Our latest SignalPop AI Designer release, version 0.9.1.70, now supports Domain-Adversarial Neural Networks (DANN) as described by .
By adding image overlay support to an updated MNIST Dataset Creator, you can now create both source and target datasets.
Using the new source and target dataset support you can now easily create DANN networks that use both.
An updated visual editor also supports multiple source and target datasets as shown below with the full DANN model.
The newly added GRADIENTSCALER layer allows for easy gradient reversal which is then added to the bottleneck layer, shown above, to create an adversarial relationship between the two networks.
Try creating a DANN yourself with the easy step-by-step Tutorials that show you how to get up and running with the latest version of the SignalPop AI Designer.
New General Features
- Projects now optionally support both source and target datasets.
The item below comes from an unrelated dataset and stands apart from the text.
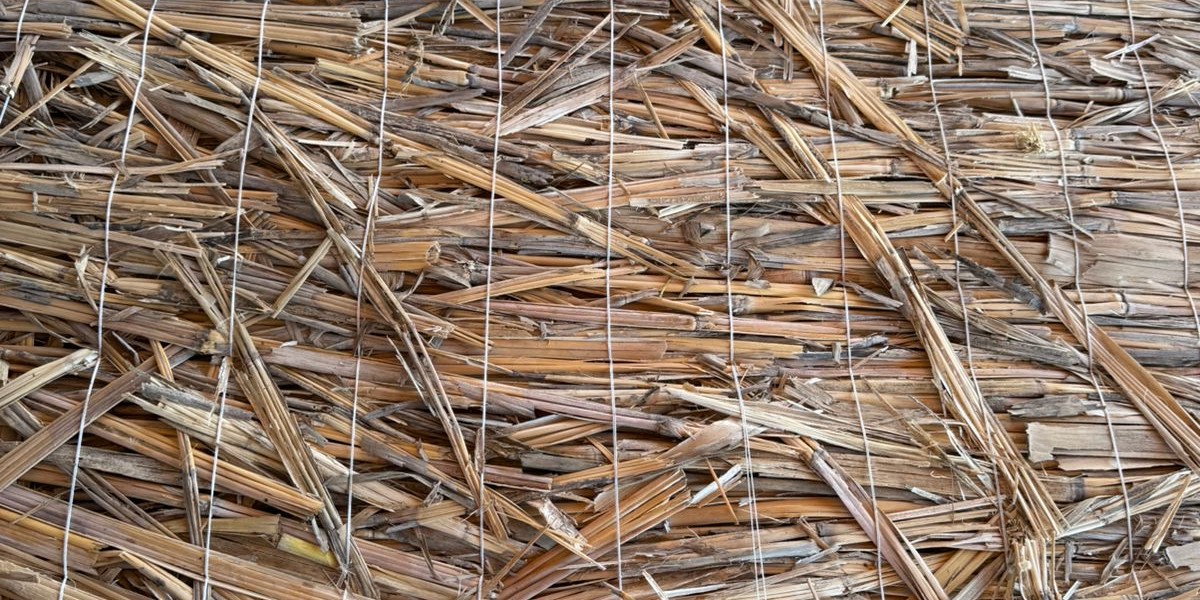 <?php echo $product['name']?>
- A new GRADIENTSCALLER layer has been added for gradient reversals.
- Full DANN solver and model templates have been added.
- The MNIST Dataset Creator can now create datasets with an image overlay.
- We now support the recently released NVIDIA cuDNN 7.1.3.
New Debugging Features
- We have added single stepping support for both training and testing.
- A new blob data debugger shows the contents of each blob passing between layers.
- The model editor has been improved to show models viewable by phase (TRAIN, TEST and RUN).
Happy ‘deep’ learning!
 Ganin, Y., Ustinova, E., Ajakan, H., Germain, P., Larochelle, H., Laviolette, F., . . . Lempitsky, V. (2016). Domain-Adversarial Training of Neural Networks. Journal of Machine Learning Research 17, 1-35.